§ Instructions for the task
Below are the entries. Transcribe exactly the lines from the one with "Mitternachtsgarten Hawaiian Tropical" through the one with "Men's Minnesota Vikings", ends included, and leave out all others.

---------- Provided records

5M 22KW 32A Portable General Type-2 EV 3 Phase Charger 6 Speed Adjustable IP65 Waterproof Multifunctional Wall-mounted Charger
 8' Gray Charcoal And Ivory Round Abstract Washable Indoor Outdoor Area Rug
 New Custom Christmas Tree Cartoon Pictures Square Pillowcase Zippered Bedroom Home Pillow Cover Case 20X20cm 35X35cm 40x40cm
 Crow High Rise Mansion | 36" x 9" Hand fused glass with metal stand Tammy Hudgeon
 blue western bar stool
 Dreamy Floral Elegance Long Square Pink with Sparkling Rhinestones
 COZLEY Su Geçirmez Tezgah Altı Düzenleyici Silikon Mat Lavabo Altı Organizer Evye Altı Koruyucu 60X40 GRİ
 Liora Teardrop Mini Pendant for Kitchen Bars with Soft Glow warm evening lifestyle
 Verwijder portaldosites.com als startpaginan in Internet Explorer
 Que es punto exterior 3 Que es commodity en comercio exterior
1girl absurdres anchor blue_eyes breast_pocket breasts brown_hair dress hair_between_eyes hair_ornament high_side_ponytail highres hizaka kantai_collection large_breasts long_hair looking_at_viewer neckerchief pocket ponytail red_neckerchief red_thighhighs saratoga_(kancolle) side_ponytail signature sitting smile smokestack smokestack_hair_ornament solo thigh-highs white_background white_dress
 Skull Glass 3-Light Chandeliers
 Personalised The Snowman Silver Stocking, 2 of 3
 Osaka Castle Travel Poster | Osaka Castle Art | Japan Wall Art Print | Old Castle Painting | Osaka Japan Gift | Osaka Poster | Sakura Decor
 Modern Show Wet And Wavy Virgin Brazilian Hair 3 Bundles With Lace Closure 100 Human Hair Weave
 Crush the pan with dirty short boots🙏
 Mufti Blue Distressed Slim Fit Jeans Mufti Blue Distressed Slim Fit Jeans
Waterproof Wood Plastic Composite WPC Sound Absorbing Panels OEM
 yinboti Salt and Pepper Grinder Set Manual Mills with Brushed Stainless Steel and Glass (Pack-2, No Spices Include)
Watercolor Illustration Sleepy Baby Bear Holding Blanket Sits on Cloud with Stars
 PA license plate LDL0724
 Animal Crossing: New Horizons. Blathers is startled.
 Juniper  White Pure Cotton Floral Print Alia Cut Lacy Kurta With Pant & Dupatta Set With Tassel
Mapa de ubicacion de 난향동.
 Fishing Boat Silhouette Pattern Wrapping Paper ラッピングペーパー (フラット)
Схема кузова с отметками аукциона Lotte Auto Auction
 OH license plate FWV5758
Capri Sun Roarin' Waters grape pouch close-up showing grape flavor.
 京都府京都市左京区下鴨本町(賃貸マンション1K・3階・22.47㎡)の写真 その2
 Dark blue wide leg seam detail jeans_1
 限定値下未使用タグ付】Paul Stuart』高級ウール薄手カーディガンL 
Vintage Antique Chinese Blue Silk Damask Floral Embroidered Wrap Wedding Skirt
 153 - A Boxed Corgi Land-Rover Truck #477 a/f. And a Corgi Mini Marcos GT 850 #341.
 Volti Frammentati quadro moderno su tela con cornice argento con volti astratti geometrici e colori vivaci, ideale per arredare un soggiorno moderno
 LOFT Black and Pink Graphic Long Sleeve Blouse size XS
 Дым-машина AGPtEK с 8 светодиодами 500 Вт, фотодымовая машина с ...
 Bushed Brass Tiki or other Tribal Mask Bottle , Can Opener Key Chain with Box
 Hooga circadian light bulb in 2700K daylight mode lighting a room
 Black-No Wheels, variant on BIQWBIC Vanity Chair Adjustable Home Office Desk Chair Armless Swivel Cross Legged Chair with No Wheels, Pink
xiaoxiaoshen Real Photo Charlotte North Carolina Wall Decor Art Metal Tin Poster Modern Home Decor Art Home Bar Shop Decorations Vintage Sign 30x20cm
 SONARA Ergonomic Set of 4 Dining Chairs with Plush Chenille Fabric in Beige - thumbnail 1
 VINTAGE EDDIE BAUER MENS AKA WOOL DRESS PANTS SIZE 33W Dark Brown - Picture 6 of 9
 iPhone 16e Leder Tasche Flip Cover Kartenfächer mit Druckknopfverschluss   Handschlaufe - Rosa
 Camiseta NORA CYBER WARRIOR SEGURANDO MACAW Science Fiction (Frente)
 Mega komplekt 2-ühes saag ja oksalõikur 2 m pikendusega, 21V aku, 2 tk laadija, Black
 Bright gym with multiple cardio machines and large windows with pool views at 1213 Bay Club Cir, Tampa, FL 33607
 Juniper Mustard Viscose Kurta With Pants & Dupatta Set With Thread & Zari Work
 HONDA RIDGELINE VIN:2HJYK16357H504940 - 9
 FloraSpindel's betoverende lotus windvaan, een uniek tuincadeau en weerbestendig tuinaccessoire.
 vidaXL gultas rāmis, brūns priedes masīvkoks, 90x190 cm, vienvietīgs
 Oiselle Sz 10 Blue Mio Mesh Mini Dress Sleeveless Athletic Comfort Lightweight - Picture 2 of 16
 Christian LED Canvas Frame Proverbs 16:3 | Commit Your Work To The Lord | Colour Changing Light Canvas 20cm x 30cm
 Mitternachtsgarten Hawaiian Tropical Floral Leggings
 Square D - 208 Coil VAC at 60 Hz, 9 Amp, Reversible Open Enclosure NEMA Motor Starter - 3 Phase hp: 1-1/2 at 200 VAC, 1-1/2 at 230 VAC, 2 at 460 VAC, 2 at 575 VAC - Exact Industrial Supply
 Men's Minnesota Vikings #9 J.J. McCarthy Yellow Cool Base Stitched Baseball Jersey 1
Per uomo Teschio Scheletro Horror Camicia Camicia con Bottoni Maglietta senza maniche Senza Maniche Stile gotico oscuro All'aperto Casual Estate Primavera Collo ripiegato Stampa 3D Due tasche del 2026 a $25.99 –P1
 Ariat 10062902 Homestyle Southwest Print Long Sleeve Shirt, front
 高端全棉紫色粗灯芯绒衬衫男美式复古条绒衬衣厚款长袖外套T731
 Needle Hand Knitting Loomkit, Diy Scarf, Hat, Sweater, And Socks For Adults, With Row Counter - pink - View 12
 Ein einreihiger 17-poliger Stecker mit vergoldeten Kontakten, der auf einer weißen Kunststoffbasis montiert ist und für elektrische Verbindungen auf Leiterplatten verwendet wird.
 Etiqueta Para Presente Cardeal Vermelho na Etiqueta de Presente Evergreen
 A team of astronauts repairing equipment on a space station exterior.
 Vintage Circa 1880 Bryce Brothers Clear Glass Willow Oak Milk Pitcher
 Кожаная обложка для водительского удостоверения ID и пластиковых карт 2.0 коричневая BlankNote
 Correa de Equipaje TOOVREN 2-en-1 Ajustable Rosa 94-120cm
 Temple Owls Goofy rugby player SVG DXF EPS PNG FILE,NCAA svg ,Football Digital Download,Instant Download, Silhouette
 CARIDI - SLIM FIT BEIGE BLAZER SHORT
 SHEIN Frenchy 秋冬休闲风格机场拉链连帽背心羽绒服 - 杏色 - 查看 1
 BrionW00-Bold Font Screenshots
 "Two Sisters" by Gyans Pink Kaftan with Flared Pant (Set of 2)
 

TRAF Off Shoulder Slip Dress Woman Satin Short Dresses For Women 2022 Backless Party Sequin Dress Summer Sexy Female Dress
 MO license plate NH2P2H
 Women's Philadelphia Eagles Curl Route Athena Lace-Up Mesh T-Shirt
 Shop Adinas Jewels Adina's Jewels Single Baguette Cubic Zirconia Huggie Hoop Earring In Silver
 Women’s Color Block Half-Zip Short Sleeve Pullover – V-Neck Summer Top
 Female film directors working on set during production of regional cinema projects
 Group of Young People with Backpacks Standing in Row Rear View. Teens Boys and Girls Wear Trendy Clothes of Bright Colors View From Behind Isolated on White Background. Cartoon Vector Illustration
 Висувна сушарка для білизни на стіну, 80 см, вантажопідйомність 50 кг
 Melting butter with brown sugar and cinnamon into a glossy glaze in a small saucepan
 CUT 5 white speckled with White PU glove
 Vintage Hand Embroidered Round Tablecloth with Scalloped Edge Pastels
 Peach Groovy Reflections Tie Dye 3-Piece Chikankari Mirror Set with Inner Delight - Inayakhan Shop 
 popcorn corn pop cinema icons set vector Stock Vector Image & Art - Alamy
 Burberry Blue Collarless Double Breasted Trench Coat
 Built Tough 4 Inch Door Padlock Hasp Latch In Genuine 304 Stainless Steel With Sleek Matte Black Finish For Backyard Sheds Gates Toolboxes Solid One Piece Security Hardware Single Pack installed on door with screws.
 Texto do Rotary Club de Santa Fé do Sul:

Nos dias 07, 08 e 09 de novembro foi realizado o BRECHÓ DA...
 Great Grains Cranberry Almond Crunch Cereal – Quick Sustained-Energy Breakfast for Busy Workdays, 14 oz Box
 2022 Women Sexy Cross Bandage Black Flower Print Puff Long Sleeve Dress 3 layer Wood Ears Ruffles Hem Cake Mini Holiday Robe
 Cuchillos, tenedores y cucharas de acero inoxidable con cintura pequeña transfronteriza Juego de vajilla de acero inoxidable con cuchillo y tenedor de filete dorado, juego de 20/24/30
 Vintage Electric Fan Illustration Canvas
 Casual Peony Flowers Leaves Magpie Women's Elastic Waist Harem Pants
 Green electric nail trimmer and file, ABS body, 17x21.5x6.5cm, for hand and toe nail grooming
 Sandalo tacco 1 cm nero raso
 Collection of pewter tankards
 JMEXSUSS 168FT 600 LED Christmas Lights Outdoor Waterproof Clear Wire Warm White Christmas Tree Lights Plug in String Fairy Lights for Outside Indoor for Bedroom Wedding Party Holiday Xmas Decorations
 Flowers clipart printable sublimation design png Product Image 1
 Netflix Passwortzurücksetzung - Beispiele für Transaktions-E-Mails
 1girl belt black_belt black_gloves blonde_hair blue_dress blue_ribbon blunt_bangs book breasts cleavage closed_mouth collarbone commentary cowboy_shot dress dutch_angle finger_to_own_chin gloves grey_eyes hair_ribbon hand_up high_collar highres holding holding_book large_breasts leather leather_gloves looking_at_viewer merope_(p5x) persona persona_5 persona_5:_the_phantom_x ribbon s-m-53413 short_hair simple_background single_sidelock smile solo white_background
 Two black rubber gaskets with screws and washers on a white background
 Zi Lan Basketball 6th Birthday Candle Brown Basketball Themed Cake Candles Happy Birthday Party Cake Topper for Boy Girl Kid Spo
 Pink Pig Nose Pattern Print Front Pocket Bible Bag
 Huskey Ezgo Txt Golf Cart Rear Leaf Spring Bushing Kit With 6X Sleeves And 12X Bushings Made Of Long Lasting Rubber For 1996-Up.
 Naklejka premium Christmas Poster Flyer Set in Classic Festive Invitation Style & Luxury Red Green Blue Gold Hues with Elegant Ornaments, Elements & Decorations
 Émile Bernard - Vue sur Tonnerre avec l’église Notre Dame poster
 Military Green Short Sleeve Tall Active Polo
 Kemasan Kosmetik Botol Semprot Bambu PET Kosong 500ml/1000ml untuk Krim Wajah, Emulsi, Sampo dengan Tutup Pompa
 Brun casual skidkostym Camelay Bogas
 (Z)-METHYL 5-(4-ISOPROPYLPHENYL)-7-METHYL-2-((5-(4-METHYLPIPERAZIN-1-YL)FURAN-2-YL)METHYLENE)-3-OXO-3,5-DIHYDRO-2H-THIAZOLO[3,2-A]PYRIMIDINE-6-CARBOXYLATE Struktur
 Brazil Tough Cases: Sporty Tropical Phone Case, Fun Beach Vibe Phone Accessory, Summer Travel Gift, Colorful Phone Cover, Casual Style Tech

--------------------

§ Written response
 Mitternachtsgarten Hawaiian Tropical Floral Leggings
 Square D - 208 Coil VAC at 60 Hz, 9 Amp, Reversible Open Enclosure NEMA Motor Starter - 3 Phase hp: 1-1/2 at 200 VAC, 1-1/2 at 230 VAC, 2 at 460 VAC, 2 at 575 VAC - Exact Industrial Supply
 Men's Minnesota Vikings #9 J.J. McCarthy Yellow Cool Base Stitched Baseball Jersey 1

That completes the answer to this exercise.